◆ Problem description
For the entries that follow, retype exactly the lines from the one containing "The Muppets Periodic" to the one containing "стекло, 60x38 cm⭐ИКЕА-80540900", inclusive, and only those. Images stay out of the copy.

*** Entries provided

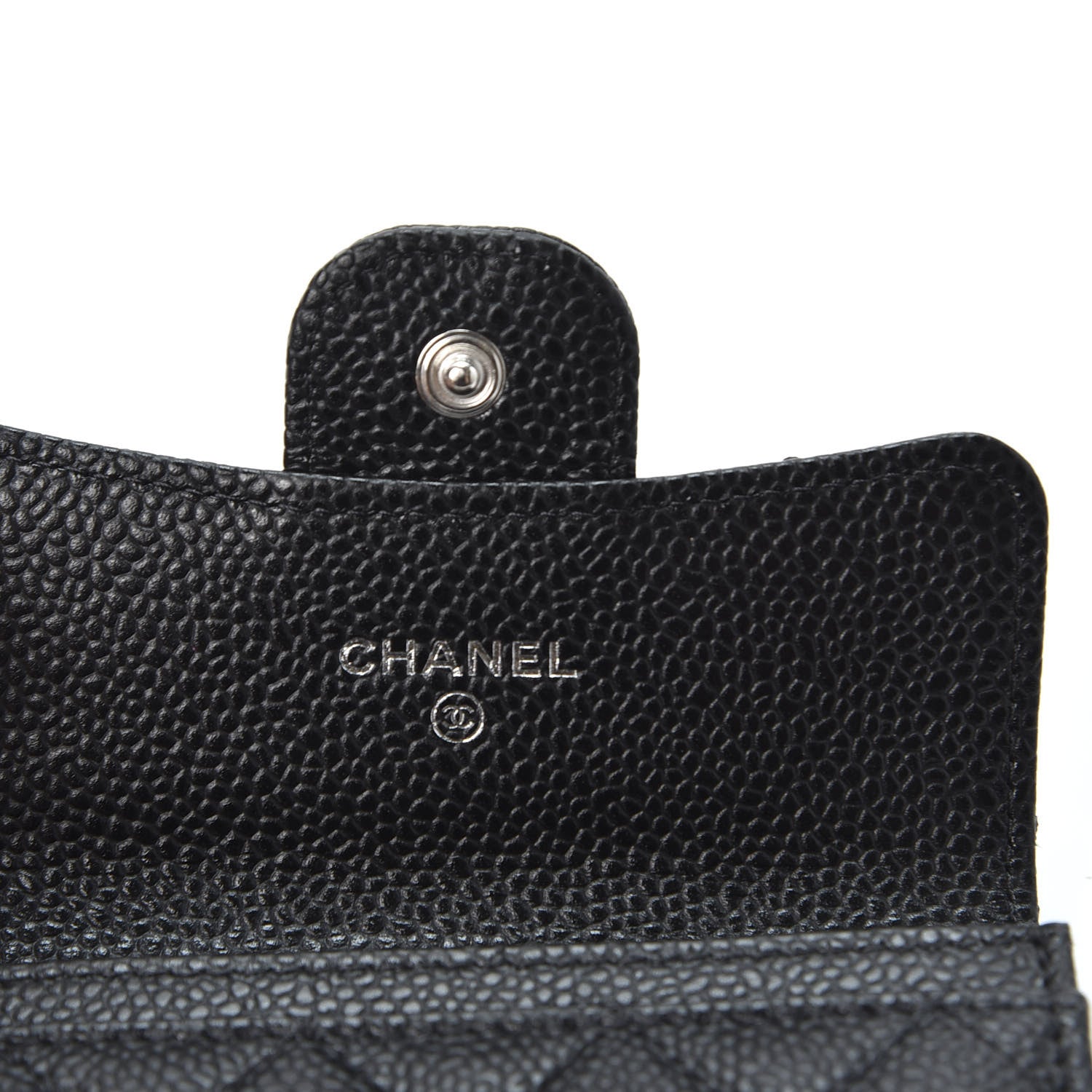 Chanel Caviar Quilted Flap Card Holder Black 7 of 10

******
*** Entries provided

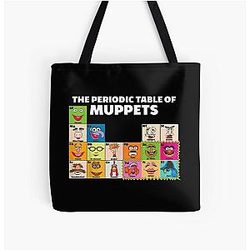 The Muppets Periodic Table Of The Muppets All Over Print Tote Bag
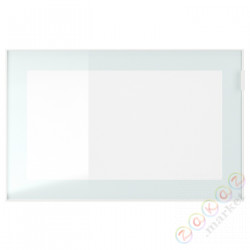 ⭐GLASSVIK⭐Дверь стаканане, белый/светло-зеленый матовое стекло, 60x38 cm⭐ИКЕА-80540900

******

◆ Task answer
 The Muppets Periodic Table Of The Muppets All Over Print Tote Bag
 ⭐GLASSVIK⭐Дверь стаканане, белый/светло-зеленый матовое стекло, 60x38 cm⭐ИКЕА-80540900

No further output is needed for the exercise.